A Candy-Colored Residence

The housing complex comprises nine units of different shapes

An apartment complex on the outskirts of Tokyo doubles as a work of art, stimulating the senses of its residents, short-stay visitors and local people alike.

The Reversible Destiny Lofts Mitaka

In Mitaka City, a quiet residential area in the suburbs of Tokyo, stands a colorful and rather peculiar-looking building. Called “The Reversible Destiny Lofts Mitaka (In Memory of Helen Keller),” the building was jointly designed by Arakawa Shusaku (1936–2010) and his partner Madeline Gins (1941–2014), artists and architects who were active internationally from the 1960s into the early 2000s.
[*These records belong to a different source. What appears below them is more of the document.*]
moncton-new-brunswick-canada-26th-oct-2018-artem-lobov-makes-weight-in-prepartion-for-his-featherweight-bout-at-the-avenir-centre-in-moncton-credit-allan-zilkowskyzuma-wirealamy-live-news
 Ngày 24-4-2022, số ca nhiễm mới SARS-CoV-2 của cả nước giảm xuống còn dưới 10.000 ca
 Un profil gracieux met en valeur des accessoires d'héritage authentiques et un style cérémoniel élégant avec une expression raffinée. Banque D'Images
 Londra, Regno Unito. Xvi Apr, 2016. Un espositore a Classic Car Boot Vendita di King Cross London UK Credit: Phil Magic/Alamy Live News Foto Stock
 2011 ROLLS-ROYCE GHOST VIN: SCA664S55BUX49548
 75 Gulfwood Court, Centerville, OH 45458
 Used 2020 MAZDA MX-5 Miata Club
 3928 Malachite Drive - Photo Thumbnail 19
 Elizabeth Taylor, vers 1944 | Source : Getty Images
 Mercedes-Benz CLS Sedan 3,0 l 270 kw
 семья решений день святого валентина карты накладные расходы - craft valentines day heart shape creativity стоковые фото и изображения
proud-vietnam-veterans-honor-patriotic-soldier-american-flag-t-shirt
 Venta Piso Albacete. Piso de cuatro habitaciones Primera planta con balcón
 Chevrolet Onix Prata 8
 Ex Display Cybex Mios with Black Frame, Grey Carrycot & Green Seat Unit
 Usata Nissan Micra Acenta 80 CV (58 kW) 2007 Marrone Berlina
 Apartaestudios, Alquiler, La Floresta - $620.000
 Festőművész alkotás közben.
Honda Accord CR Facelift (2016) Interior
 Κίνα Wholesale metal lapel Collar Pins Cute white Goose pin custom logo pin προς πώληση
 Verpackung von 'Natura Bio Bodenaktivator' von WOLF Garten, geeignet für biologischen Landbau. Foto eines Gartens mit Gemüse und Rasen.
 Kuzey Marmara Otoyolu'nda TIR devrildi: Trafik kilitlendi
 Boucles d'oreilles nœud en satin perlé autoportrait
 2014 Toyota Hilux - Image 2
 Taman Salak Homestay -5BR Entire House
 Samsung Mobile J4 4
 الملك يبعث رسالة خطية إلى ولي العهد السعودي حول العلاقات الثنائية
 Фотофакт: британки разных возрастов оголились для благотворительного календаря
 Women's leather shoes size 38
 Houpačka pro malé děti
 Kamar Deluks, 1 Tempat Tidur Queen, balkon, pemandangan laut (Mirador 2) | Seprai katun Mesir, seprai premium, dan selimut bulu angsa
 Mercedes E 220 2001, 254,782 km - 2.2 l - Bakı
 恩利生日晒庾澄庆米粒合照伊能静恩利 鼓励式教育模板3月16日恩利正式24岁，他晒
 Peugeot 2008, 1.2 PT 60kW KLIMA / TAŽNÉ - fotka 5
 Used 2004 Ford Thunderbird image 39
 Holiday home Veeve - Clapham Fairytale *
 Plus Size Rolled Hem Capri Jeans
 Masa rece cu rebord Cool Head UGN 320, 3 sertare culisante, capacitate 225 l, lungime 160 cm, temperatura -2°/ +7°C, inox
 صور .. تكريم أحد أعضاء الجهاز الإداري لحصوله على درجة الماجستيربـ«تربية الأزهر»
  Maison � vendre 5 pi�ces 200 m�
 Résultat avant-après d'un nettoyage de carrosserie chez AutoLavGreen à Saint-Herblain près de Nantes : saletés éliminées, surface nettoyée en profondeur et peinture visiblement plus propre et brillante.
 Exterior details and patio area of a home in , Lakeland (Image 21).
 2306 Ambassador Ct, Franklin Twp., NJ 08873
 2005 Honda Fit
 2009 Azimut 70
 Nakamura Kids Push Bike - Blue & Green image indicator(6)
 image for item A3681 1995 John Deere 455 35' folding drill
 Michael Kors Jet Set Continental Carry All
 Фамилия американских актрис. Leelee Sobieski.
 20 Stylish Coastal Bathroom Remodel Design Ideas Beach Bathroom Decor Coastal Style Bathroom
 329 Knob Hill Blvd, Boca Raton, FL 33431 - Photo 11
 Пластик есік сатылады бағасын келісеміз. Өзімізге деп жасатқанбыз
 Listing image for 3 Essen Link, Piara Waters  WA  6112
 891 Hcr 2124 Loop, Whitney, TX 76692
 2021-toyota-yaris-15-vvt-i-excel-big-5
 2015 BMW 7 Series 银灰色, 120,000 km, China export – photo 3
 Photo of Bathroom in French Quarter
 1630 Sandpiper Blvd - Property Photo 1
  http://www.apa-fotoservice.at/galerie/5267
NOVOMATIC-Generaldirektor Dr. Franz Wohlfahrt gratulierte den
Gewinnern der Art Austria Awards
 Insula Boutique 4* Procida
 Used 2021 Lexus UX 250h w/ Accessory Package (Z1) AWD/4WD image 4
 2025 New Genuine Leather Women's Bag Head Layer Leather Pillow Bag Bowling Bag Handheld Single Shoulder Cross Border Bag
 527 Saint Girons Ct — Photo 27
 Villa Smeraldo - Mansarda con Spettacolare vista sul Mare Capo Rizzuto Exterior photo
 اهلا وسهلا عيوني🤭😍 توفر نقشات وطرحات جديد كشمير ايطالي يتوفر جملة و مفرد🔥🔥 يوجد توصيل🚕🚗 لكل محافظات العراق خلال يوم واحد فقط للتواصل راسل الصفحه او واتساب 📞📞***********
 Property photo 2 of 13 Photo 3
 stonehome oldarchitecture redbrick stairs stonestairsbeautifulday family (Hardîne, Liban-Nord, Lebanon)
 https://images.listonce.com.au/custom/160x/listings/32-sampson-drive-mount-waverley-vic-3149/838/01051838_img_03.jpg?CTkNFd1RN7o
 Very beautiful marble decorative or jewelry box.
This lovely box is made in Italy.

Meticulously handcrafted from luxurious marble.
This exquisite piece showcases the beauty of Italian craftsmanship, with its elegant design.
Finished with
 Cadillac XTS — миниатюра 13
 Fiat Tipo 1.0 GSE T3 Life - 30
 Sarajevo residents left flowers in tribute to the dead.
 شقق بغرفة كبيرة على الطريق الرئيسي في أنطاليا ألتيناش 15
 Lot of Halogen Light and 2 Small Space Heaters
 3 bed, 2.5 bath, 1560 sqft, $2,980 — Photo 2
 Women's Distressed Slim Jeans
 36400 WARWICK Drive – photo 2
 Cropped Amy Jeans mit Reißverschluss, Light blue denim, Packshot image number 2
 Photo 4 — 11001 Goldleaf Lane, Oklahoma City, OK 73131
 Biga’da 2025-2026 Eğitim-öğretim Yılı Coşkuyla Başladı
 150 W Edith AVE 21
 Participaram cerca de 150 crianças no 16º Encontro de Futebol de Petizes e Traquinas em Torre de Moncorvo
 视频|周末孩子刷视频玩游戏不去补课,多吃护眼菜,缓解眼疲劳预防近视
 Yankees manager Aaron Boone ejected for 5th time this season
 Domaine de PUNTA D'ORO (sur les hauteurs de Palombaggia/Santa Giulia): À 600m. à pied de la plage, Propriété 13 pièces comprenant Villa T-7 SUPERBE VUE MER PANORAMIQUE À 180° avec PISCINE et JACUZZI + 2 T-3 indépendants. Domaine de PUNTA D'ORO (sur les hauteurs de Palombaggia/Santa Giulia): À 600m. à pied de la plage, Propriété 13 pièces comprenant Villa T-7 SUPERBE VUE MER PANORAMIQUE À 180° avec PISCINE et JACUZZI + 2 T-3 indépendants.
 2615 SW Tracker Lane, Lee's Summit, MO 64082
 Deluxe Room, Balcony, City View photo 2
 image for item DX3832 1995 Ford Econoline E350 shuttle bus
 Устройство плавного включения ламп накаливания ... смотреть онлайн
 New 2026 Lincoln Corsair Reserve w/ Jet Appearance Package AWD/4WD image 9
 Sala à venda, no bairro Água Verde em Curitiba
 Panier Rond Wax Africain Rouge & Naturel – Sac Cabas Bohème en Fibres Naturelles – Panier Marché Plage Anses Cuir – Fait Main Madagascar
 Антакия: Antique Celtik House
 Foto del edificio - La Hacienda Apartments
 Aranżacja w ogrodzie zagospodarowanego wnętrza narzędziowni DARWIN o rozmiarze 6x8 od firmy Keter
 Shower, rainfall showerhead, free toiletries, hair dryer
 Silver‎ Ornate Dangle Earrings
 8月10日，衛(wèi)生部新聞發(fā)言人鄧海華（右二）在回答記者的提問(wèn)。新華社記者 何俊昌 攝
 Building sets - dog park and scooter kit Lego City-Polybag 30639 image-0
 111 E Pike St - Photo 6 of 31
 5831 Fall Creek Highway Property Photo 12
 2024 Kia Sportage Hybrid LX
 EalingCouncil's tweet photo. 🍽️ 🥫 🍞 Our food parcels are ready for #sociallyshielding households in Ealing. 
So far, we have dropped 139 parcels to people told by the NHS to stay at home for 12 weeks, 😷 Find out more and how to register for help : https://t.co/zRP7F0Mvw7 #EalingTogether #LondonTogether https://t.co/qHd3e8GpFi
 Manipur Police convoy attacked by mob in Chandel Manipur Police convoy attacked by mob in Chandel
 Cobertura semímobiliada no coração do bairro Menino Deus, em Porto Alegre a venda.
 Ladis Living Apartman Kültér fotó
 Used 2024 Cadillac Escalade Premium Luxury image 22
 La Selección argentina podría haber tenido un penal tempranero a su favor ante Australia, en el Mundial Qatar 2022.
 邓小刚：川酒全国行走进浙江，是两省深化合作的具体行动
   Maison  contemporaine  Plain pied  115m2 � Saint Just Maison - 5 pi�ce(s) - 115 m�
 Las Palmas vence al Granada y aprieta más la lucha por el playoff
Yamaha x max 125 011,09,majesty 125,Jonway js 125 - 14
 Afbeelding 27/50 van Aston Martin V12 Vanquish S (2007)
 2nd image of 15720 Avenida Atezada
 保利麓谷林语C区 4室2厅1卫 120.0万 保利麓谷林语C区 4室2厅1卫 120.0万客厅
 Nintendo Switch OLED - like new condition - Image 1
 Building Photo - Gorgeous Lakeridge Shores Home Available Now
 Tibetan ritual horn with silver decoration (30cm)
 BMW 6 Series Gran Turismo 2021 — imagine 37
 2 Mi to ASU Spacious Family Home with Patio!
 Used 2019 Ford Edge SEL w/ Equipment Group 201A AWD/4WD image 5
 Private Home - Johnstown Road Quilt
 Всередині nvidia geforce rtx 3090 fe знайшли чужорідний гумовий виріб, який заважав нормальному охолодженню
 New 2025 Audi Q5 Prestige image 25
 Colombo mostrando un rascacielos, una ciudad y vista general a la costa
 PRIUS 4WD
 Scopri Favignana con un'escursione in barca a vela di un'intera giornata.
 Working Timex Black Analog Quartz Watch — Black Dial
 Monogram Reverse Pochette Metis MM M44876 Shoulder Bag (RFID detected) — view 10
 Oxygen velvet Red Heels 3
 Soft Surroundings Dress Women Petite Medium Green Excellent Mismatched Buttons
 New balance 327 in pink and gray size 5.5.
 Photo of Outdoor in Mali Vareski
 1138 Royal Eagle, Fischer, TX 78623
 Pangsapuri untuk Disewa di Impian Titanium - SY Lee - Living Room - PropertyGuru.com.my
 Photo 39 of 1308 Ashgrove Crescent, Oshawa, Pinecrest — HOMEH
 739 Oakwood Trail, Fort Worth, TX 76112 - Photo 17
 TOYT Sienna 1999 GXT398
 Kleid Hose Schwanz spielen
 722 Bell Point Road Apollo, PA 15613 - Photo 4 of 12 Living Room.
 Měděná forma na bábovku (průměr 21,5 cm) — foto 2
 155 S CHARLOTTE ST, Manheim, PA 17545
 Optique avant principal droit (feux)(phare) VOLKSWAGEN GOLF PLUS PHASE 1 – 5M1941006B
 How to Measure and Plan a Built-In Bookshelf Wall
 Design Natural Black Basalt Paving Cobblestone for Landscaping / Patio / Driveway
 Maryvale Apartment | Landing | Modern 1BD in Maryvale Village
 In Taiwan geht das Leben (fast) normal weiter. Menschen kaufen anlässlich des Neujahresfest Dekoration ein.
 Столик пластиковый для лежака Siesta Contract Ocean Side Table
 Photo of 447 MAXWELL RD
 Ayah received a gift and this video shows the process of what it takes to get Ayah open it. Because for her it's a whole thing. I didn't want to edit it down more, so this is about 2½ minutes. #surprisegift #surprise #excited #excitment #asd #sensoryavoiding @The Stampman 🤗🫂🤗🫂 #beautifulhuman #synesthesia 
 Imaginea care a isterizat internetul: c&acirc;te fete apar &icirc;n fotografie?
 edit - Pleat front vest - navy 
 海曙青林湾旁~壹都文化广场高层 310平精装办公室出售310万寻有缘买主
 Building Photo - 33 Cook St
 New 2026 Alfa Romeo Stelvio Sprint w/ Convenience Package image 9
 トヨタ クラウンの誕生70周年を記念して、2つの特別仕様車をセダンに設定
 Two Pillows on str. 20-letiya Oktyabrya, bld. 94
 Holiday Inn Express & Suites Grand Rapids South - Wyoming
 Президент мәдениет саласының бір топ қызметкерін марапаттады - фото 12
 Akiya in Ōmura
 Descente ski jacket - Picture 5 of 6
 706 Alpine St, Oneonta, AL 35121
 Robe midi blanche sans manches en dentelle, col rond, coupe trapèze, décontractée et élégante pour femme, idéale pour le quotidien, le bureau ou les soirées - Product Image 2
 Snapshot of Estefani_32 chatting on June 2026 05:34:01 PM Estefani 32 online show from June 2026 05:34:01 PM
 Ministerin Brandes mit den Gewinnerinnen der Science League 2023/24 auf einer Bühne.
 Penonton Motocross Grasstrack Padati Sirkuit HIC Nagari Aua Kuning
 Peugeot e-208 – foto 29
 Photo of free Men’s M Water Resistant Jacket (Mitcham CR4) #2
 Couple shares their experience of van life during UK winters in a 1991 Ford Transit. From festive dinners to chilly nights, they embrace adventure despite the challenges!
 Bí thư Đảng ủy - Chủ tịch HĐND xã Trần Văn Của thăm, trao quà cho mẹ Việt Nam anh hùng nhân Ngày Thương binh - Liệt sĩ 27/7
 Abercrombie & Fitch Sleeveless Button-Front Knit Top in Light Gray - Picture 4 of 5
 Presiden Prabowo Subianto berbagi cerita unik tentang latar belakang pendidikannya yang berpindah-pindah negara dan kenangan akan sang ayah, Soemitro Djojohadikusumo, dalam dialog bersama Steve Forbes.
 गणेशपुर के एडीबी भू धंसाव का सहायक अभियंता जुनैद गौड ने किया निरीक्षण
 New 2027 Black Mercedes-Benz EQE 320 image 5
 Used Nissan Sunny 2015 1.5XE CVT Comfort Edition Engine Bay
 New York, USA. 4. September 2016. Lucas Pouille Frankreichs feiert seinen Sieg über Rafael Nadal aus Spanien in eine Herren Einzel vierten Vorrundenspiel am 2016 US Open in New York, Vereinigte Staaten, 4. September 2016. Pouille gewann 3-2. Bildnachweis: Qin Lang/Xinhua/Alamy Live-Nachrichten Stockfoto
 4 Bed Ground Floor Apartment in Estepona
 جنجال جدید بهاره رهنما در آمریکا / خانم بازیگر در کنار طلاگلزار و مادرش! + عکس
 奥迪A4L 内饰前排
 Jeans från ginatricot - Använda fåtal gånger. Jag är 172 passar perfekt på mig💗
Interior of a short-stay loft

Completed in 2005, the building is based on Arakawa and Gins’ hallmark concept of “reversible destiny.” As such, it is designed “not to die,” by continually stimulating those who live in or visit it. The design was inspired by Helen Keller, a deaf-blind person revered by the artists for the kind of “reversible destiny” she achieved through her way of life.

The complex comprises nine units in three shapes: spherical, cylindrical and cubic. Conventional steel beams were not used anywhere in the construction, except for the lofts’ connecting hallways and stairs. The exterior is painted in fourteen vivid hues. The interior, too, is an organized riot of color.

Children play on a bumpy floor

Matsuda Takeyoshi, Manager of The Reversible Destiny Lofts Mitaka, says, “Locals and taxi drivers call this the ‘colorful house,’ and it has become a landmark.”

The Reversible Destiny Lofts Mitaka is a work of functional art intended to activate the senses through colors and shapes. Although the color scheme of the interior appears at first glance to be chaotic, in fact it was designed so that at least six different colors are visible at once. The effect is oddly relaxing. Matsuda explains, “Just as in nature, which is teeming with a limitless number of colors, when six or more colors enter our field of vision, we unconsciously recognize them as color as a whole and not as individual colors.”

Six or more colors are visible at any one time

It is not just through the eyes that the building stimulates the senses. Among the unusual interior features are the bumpy floors, which softly force users to be continually aware of their own feet when walking.

Five of the nine lofts are rented as homes, while the others can be rented for a short stay of a minimum four days. Guided tours can also be arranged.

Colorfully painted hallways and stairs

For Arakawa and Gins, the artwork that is Reversible Destiny Lofts “can only be completed once people live in it.” Inspiring by this idea, every year, around 1,000 people from Japan and around the world visit the lofts.